Opinion
CASE NO. 2:19-CV-142-WKW [WO]
05-04-2020
MEMORANDUM OPINION AND ORDER
Before the court is the Magistrate Judge's Recommendation (Doc. # 66) endorsing the denial of Defendant Taneilian McArthur's motion to suppress (Doc. # 24). Defendant filed objections to the Recommendation. (Doc. # 94.) Upon de novo review of the record and the Recommendation, see 28 U.S.C. § 636, including a close review of the transcript of the evidentiary hearing, the court finds that Defendant's objections are due to be overruled and that the Magistrate Judge's Recommendation is due to be adopted.
I. STANDARD OF REVIEW
De novo review requires that the district court independently consider factual issues based on the record. Jeffrey S. ex rel. Ernest S. v. State Bd. of Educ., 896 F.2d 507, 513 (11th Cir. 1990). If the Magistrate Judge made findings based on witness testimony, the district court must review the transcript or listen to a recording of the proceedings. Id. "'[T]o adequately determine the credibility of a witness . . . the fact finder must observe the witness.'" United States v. Powell, 628 F.3d 1254, 1257 (11th Cir. 2010) (quoting Louis v. Blackburn, 630 F.2d 1105, 1110 (5th Cir. 1980)). The requirement that the fact finder observe the witness is satisfied "'by the district judge accepting the determination of the magistrate [judge] after reading the record.'" Id. (quoting Louis, 630 F.2d at 1110) (alterations added). The district court also may, without holding a new hearing, modify findings in a way that is consistent with the Magistrate Judge's credibility determinations. See Proffitt v. Wainwright, 685 F.2d 1227, 1240-41 (11th Cir. 1982). However, the district court cannot reject a credibility determination without rehearing live testimony. See Powell, 628 F.3d at 1257.
II. BACKGROUND
The Magistrate Judge's Recommendation sets out a full description of the facts, findings, and proceedings, which are not repeated here. Charged with the possession of a firearm as a convicted felon in violation of 18 U.S.C. § 922(g)(1), Defendant moved to suppress the firearm seized pursuant to a state court warrant. After holding an evidentiary hearing, the Magistrate Judge entered a Recommendation that this court deny Defendant's motion to suppress. (Doc. # 66.) The Magistrate Judge came to two conclusions. First, he found that probable cause supported Defendant's warrantless arrest under Alabama's misdemeanor statute prohibiting disorderly conduct. See Ala. Code § 13A-11-7(a)(1)-(3). Second, he concluded that the discovery of the firearm in Defendant's apartment by the complex's regional maintenance supervisor (Jeremy Bowie) did not violate the Fourth Amendment because there was no evidence that "Mr. Bowie was acting as an instrument or agent of the Government." (Doc. # 66, at 8.)
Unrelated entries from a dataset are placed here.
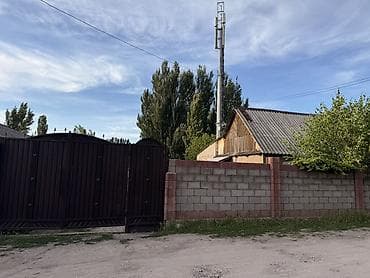 Дом с участком и садом - Жилой дом с высоким забором и распашными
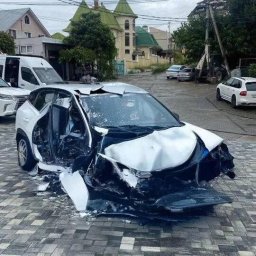Владелец уничтоженного селью в Сочи автомобиля требует возмещения ущерба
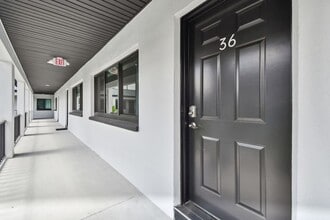 Building Photo - 2942 W Bay Dr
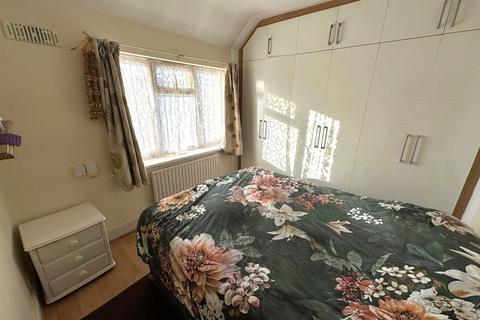 3 bedroom semi-detached house to rent, Bishops Road, Hayes, Greater London, UB3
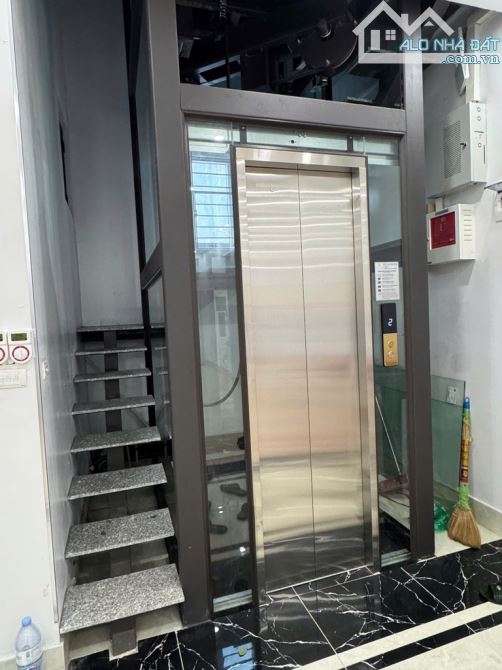 Phố Lạc Long Quân, 6 tầng TM, MT rộng, ô tô vào nhà, ở kết hợp KD, 55m chỉ 22.8 tỷ - 1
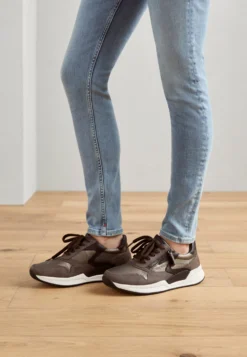 Gabor Comfort 36957Sneakers BasseCopper/Black Donna Sneakers GAJ11A0DJ-O11 11 Gabor Comfort 36957Sneakers BasseCopper/Black Donna Sneakers GAJ11A0DJ-O11 -Vendite Gabor 46089ad40610423f983ec9e54b5133af scaled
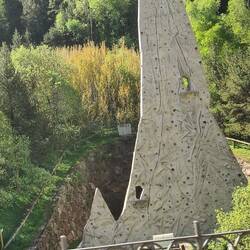 Kletterwand, ca 10 m hoch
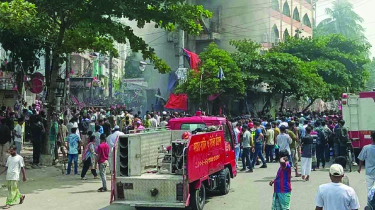 মিরপুরে উচ্ছেদ অভিযান ঘিরে হামলা-ভাঙচুর, আগুন মিরপুরে উচ্ছেদ অভিযান ঘিরে হামলা-ভাঙচুর, আগুন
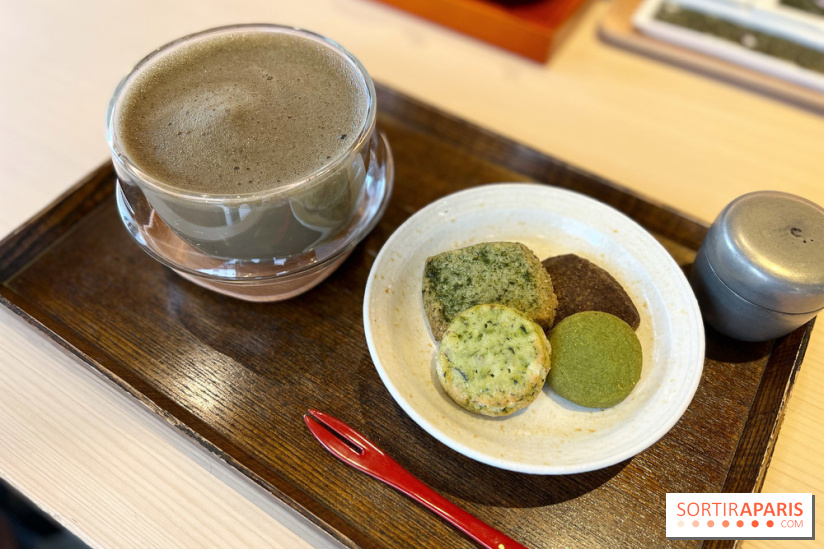 Jugetsudo hojicha latte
Defendant objects to both conclusions.
III. DISCUSSION
A. The Magistrate Judge's conclusion that probable cause existed for Defendant's arrest is supported by the evidence.
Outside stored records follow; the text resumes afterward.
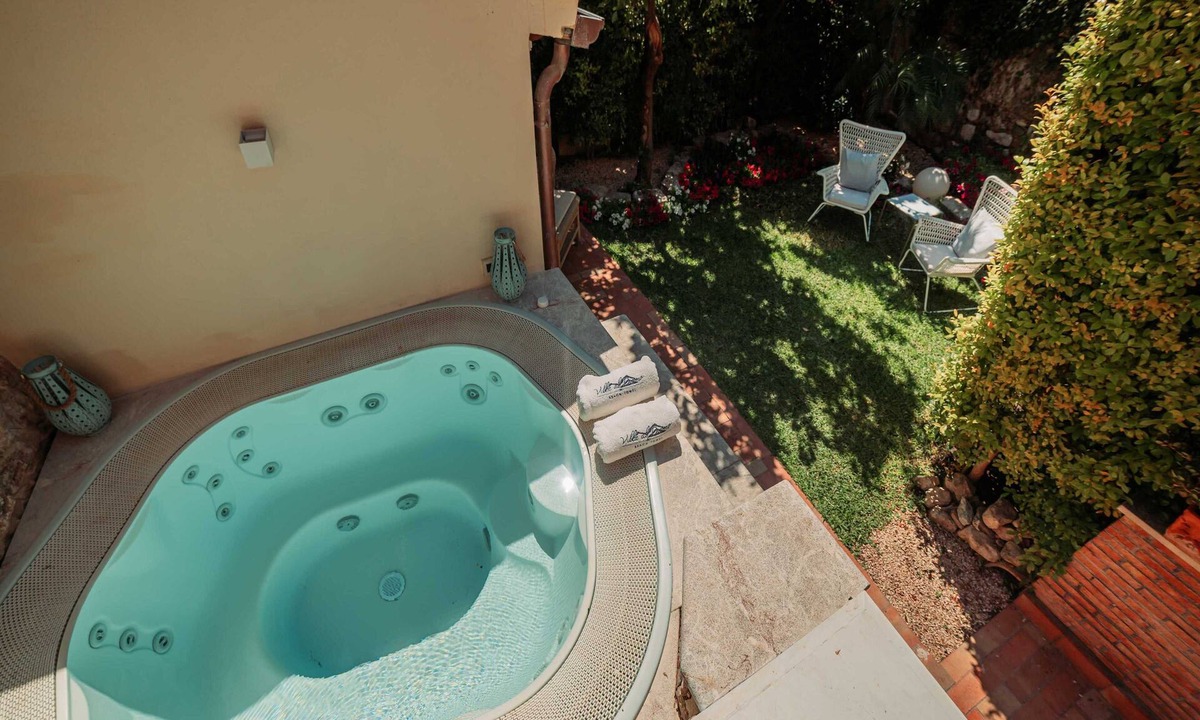 Villagonia Villa | Private villa with mini pool in Cathedral square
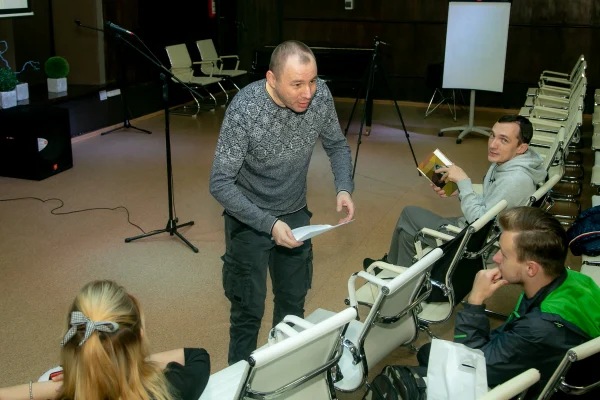 Первая встреча офлайн: Глеб Шульпяков и Игорь Корниенко 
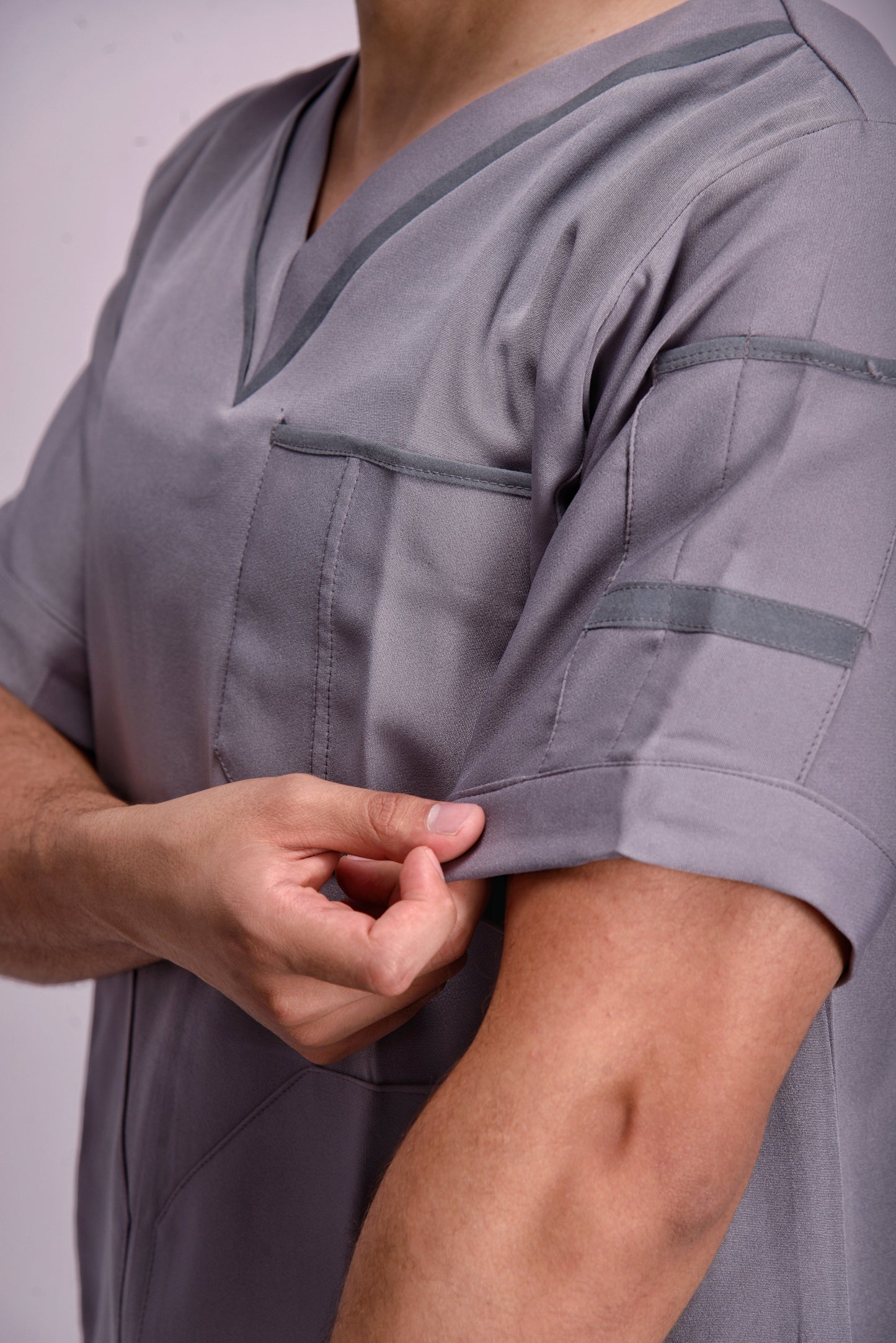 𝐂𝐋𝐎𝐔𝐃 𝐆𝐑𝐀𝐘 𝐕-𝐍𝐞𝐜𝐤 𝐬𝐜𝐫𝐮𝐛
The Magistrate Judge concluded that there was probable cause that Mr. McArthur violated the first three subsections of Alabama's misdemeanor statute criminalizing disorderly conduct. (Doc. # 66, at 5-7.) The statute provides in pertinent part:
A person commits the crime of disorderly conduct if, with intent to cause public inconvenience, annoyance or alarm, or recklessly creating a risk thereof, he or she does any of the following:
§ 13A-11-7(a)(1)-(3).(1) Engages in fighting or in violent tumultuous or threatening behavior.
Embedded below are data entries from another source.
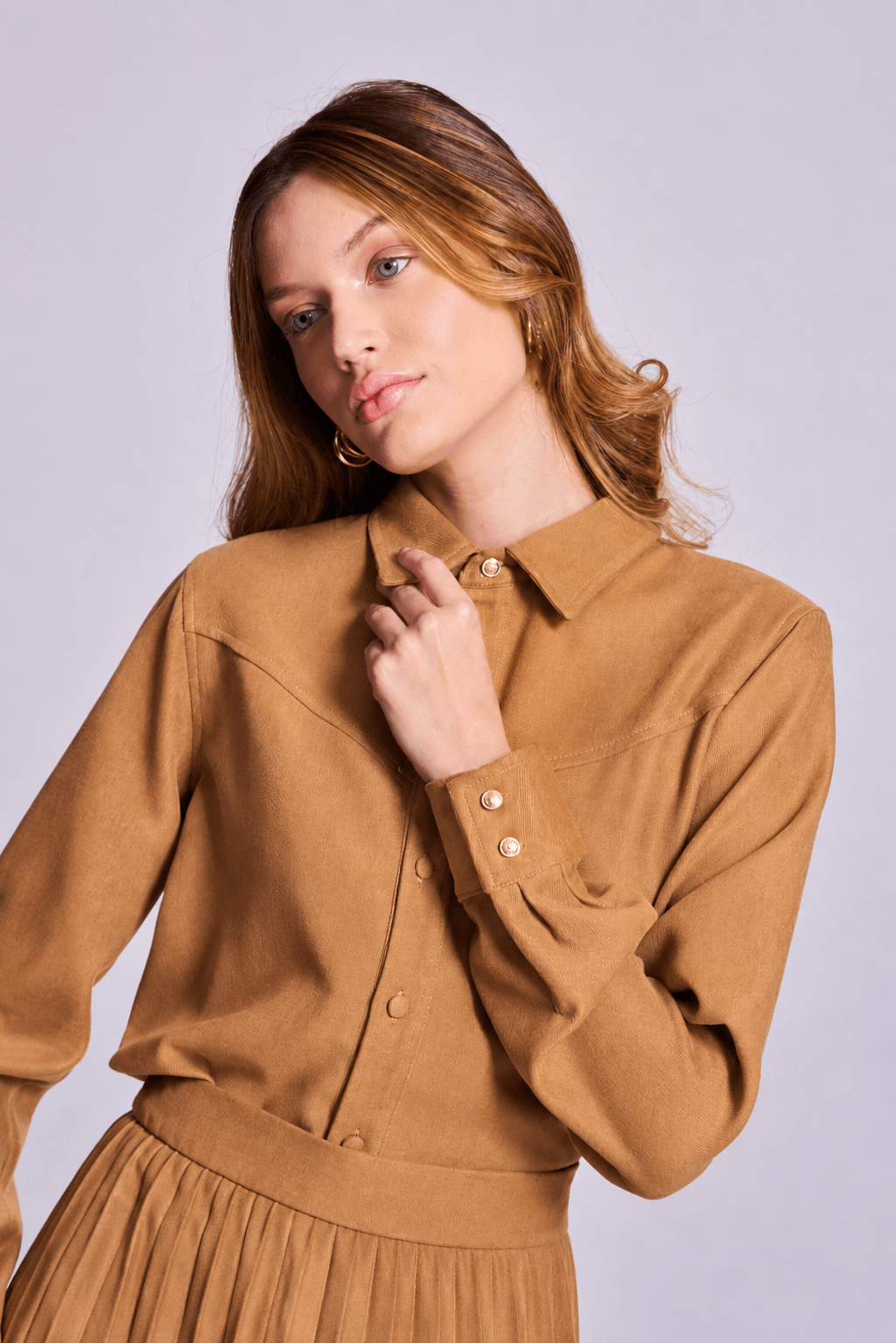 CAMISA EM SUEDE FEMININA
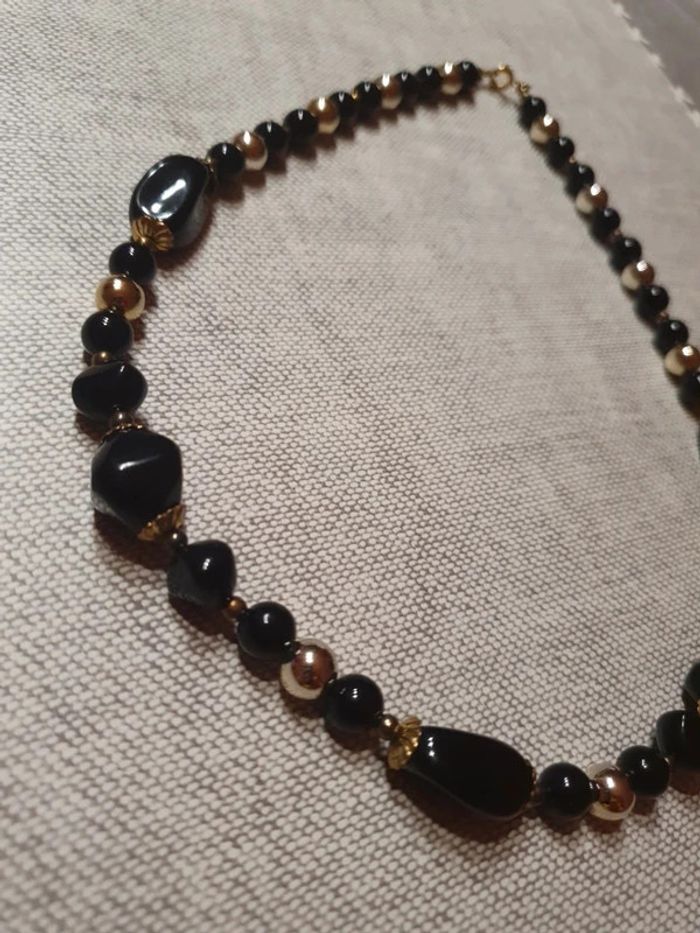 Collier noir et or
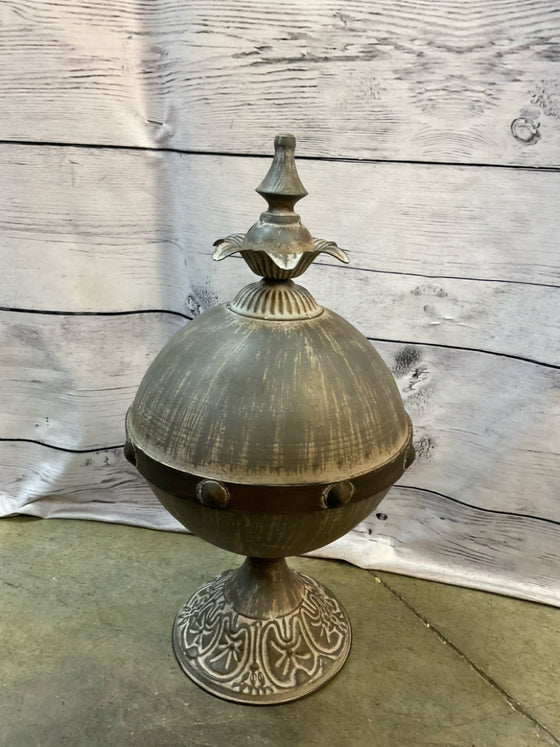 Finial
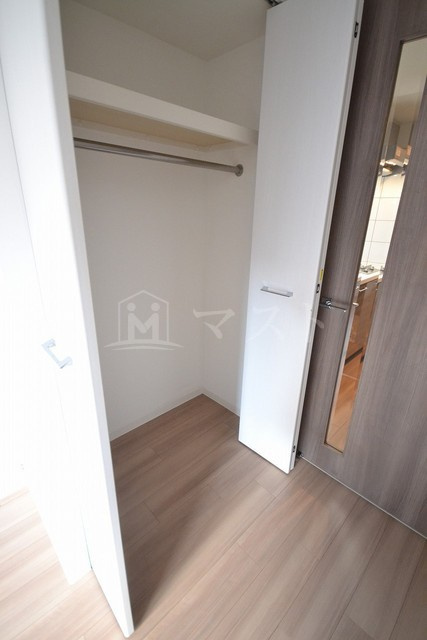 大阪市北区中津４丁目の賃貸マンションの収納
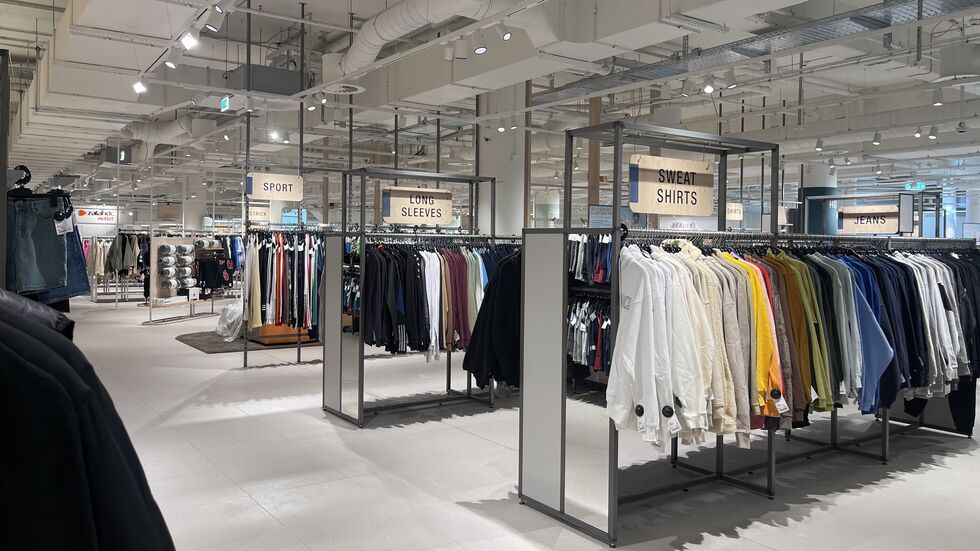 Die Kleidung hängt, die Shopper können kommen: Auf rund 1.500 Quadratmeter laden allerhand Artikel zum Stöbern ein.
(2) Makes unreasonable noise.
(3) In a public place uses abusive or obscene language or makes an obscene gesture.
Defendant argues that the Magistrate Judge's conclusion on probable cause is wrong for four reasons: (1) He was in his private residence, not in public; (2) he did not make any threats in Officer Wright's presence, much less engage in "violent tumultuous or threatening behavior" (Doc. # 94, at 4-5 (citing § 13A-11-7(a)(1)); (3) he was not being unreasonably noisy within the meaning of § 13A-11-7(a)(2); and (4) he did not utter any "obscene or abusive language" in an public place. (Doc. # 94, at 5 (citing § 13A-11-7(a)(3).) Upon careful review of the transcript of the evidentiary hearing, the court finds that Defendant's arguments lack merit.
First, Defendant's argument that he was in his private residence is factually incomplete. Defendant's conduct commenced on his second-floor balcony and concluded on the public sidewalk below. Mr. McArthur's screaming from his balcony reached decibels that could be heard plainly by the public standing below on the sidewalk and by those driving by on the adjoining roadway. (Doc. # 66, at 2-3.) Additionally, Defendant's disturbance continued after he left his apartment and was on the public sidewalk; there, he yelled and cursed at the police officers and the complex's personnel, even capturing the attention of those passing by and stopping traffic. (Doc. # 66, at 3; Doc. # 65, at 22-23.)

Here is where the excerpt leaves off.